I found this logo on a Pioneer Square storefront for UtiliKilts, of all things. It does fit the description, doesn't it?
p. 213, foiling the electronic bugs:
Located on Cherry in a basement row of little lunch spots that mostly catered to local office workers, Bakeman's was determinedly-blue collar in service and atmosphere. The odor of roast turkey and meatloaf wafted out the sunken door along with the clang and shout of staff passing orders and moving customers at New York speeds. The hard, slick walls and Formica tables reflected the noises of the busy kitchen and hurried diners into a rattling cacophony.
Sadly, I missed the rush so you're not getting a true sense of the bustle that Ms. Richardson vividly portrays. I've had lunch here and while the sandwiches are good and cheap, the atmosphere most resembles something out of a high school in a not-very-well-off school district.
P. 245 - on a quest for information:
Just beyond the totem, a trash can fire burned to warm the hands of a small circle of homeless. The obese woman at the foot of the other carving scowled at us as we passed and pressed herself into the dark. I couldn't see much of her in either the Grey or the normal, cowering as she did in the black fold of the totem's shadow. It occured to me it wasn't a nice totem-- Nightmare Bringer. I wasn't too surprised it cast a very dark shadow and I certainly wouldn't have wanted to sleep near it with such an association. The woman pulled a black blanket over herself and hunched into a shapeless mass.
Uh, yeah. I took a picture of the wrong totem. Dumb white eyes. However, I found a perfect shot on Flickr's Creative Commons. Photocredit: hairygrumpy.
On to page 254, where the action gets tense in the alley between the Seattle Mystery Bookshop and the back of the Pioneer block. This is what the alley looks like on a bright sunny afternoon. Would you turn down there at night, looking for a spooky man-eating snake-monster? Much less pull up a grate and crawl into a hole in the alley floor? Yeah, me neither.

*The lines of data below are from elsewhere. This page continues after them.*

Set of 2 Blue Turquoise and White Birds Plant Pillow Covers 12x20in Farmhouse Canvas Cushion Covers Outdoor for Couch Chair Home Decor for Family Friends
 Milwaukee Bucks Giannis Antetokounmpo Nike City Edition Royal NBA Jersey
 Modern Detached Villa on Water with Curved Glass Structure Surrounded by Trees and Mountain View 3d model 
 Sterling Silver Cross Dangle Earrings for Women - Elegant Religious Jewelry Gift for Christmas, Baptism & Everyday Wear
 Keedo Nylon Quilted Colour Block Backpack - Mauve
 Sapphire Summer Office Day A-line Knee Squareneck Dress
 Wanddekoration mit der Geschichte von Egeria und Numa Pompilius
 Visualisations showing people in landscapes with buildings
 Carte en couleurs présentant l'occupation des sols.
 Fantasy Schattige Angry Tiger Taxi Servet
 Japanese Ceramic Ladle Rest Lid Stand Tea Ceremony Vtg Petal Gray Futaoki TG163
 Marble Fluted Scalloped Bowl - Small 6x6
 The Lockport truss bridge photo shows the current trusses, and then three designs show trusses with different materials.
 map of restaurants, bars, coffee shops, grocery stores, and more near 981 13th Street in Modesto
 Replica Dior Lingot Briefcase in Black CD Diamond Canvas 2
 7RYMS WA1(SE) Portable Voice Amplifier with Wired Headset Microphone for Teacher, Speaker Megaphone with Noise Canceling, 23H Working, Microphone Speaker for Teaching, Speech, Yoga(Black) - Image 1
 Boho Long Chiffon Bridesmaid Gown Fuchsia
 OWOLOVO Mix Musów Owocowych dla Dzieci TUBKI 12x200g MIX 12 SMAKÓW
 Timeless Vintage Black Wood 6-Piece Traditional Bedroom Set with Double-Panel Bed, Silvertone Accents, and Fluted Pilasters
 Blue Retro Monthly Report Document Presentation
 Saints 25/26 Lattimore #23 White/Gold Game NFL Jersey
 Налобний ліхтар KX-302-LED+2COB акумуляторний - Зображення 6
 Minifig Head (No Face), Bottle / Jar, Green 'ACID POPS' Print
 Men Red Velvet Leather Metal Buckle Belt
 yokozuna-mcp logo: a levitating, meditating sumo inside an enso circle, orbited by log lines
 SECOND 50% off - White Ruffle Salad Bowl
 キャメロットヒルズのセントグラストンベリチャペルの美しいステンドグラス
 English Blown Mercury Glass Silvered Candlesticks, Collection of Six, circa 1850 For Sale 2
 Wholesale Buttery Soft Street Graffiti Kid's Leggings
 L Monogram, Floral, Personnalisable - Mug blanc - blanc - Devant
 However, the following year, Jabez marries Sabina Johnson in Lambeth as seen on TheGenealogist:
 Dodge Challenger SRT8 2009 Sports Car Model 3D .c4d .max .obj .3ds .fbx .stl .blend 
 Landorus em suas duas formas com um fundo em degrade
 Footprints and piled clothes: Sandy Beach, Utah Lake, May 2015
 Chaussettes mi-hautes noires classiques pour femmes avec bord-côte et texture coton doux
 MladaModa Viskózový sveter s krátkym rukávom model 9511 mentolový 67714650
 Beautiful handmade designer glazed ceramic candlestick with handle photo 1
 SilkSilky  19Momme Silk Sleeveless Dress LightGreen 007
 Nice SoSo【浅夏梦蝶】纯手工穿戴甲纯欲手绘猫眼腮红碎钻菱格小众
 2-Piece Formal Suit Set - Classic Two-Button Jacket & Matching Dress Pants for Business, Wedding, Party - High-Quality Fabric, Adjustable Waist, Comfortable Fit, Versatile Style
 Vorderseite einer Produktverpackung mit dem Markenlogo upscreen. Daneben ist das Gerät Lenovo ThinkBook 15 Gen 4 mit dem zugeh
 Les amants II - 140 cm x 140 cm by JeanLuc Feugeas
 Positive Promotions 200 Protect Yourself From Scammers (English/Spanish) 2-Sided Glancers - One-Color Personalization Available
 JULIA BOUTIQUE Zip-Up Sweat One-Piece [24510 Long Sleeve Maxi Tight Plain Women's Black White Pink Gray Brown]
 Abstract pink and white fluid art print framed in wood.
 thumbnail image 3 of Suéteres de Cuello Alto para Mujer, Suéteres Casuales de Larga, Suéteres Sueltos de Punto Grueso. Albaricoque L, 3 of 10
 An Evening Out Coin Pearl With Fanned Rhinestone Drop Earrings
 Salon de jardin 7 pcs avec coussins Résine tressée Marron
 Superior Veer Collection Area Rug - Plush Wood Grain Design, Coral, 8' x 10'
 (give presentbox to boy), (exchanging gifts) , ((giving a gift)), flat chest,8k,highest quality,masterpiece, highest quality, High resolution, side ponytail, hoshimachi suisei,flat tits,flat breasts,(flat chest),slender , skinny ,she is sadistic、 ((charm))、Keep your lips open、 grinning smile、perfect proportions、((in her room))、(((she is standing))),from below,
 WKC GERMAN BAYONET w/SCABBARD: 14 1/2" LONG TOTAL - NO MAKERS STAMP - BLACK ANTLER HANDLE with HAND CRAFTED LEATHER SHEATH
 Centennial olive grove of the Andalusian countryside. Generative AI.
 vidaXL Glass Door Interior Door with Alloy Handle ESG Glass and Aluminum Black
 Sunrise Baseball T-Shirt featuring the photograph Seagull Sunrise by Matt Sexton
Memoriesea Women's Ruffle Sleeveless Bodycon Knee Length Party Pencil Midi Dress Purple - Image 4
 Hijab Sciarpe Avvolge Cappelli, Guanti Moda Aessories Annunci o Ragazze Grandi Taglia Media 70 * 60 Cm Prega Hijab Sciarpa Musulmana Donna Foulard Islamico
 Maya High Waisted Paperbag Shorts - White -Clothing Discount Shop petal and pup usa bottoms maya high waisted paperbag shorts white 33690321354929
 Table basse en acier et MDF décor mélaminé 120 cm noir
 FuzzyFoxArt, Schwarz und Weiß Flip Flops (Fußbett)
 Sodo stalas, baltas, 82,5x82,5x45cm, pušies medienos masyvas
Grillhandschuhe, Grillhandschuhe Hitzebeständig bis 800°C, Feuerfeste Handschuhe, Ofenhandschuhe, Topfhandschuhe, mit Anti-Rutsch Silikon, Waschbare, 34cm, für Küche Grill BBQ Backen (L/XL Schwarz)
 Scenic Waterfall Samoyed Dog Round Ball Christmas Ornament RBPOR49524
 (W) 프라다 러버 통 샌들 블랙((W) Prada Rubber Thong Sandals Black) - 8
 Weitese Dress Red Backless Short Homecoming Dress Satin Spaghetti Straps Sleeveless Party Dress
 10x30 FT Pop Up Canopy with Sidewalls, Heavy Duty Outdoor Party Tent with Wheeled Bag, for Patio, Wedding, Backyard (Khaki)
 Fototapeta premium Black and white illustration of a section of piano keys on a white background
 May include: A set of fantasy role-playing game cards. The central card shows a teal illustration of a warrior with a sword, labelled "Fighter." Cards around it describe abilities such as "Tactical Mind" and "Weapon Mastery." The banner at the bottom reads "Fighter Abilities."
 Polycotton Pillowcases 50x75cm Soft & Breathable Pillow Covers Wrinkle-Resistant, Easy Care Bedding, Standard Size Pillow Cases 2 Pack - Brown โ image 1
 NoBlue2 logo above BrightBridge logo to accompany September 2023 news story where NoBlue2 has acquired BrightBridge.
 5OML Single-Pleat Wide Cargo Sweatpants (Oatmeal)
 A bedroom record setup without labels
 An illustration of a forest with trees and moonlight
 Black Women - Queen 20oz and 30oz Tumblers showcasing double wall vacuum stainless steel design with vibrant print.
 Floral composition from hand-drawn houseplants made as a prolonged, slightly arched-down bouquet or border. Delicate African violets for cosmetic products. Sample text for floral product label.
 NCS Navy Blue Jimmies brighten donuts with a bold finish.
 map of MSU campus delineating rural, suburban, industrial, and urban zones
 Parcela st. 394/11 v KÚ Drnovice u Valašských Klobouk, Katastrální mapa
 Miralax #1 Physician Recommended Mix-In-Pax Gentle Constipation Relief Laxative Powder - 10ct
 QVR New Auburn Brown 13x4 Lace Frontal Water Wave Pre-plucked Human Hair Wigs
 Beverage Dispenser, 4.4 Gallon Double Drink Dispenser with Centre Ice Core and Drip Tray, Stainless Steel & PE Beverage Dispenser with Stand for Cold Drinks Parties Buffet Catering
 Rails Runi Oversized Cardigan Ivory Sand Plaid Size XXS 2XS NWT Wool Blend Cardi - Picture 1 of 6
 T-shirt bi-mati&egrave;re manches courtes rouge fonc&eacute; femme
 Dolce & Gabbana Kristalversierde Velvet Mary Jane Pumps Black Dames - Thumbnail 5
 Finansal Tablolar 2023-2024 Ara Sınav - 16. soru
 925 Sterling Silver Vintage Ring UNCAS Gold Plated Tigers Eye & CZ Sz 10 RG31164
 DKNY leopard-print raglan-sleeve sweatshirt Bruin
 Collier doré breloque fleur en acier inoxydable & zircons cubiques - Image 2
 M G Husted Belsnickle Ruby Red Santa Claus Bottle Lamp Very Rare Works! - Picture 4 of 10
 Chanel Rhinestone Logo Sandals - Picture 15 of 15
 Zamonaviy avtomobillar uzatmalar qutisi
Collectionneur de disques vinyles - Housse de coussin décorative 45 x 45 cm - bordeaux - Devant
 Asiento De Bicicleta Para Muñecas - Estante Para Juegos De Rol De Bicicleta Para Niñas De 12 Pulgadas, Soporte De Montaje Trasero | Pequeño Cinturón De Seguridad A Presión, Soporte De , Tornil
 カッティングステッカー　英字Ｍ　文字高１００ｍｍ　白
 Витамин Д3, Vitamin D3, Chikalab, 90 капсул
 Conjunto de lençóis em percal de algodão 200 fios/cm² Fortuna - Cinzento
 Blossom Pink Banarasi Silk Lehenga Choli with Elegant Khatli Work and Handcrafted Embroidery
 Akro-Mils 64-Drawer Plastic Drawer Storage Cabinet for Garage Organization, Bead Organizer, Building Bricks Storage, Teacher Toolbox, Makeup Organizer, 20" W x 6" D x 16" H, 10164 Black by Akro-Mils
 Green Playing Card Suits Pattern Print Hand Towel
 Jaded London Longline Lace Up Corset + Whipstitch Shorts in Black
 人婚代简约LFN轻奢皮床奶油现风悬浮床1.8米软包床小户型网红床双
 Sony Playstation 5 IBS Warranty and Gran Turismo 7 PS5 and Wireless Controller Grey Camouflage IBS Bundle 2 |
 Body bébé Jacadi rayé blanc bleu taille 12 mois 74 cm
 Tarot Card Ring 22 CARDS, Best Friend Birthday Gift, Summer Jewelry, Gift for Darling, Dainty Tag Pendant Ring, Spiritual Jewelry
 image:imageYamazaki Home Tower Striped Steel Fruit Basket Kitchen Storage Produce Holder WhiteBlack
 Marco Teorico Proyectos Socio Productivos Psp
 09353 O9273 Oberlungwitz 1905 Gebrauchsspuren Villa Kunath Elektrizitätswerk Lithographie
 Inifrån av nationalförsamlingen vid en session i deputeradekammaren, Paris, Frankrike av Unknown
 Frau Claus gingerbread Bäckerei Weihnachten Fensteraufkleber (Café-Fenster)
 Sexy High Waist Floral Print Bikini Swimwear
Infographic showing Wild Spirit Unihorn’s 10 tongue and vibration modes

First is the store, with the alley showing to the right:
Then the alley itself:
p. 265: Turns out there was something awful down there. And it chased our heroes:
"It's fast," Quinton panted.
"Then run faster!"
We dashed into Pioneer Square and down Yesler.
(right this way, ladies and gentlemen - shot looking west on Yesler from under the Pioneer Square pergola)
p. 266 - the chase goes on:
"Stay in the open," Quinton yelled. "It's keeping to the alleys! if we can force it into the dead end of Post at the Fed Office Building, we might be able to slip it!"
Here's where the monster turns off. I didn't creep down the alley to take photos of the Federal Building. That's kind of frowned on these days.
p. 266 - more chasing:
We ran past Post and turned at Western, keeping the tall old brick warehouses between us and [the monster]. My knee protested every step, but I didn't dare slow or limp. ... We shot out the narrow confines of Western at Marion and into the open ground
Our Heroes' view, except of course, without the daylight.
When the story opens, Harper is working on physical therapy exercises for her knee. There are quite a few references through the book about the running and climbing and slipping and the toll it takes. Here's an example of some of the terrain in Pioneer Square:
There are also numerous mentions of the Bread of Life Mission:
Well, this wasn't exactly a review, but I hope you enjoyed it. Kat Richardson writes a wickedly-plotted ghost story and hometown effect aside, the Greywalker series is a great read. I do recommend.
Oh, and one last thing:
BONUS EXTRA! This is a zoom in of the shot down Yesler Way from the chase scene. As it happens, Harper and Quinton run right past my department's favorite Friday night watering hole. See where it says "Saloon" just below the Hotel sign? Come join us sometime.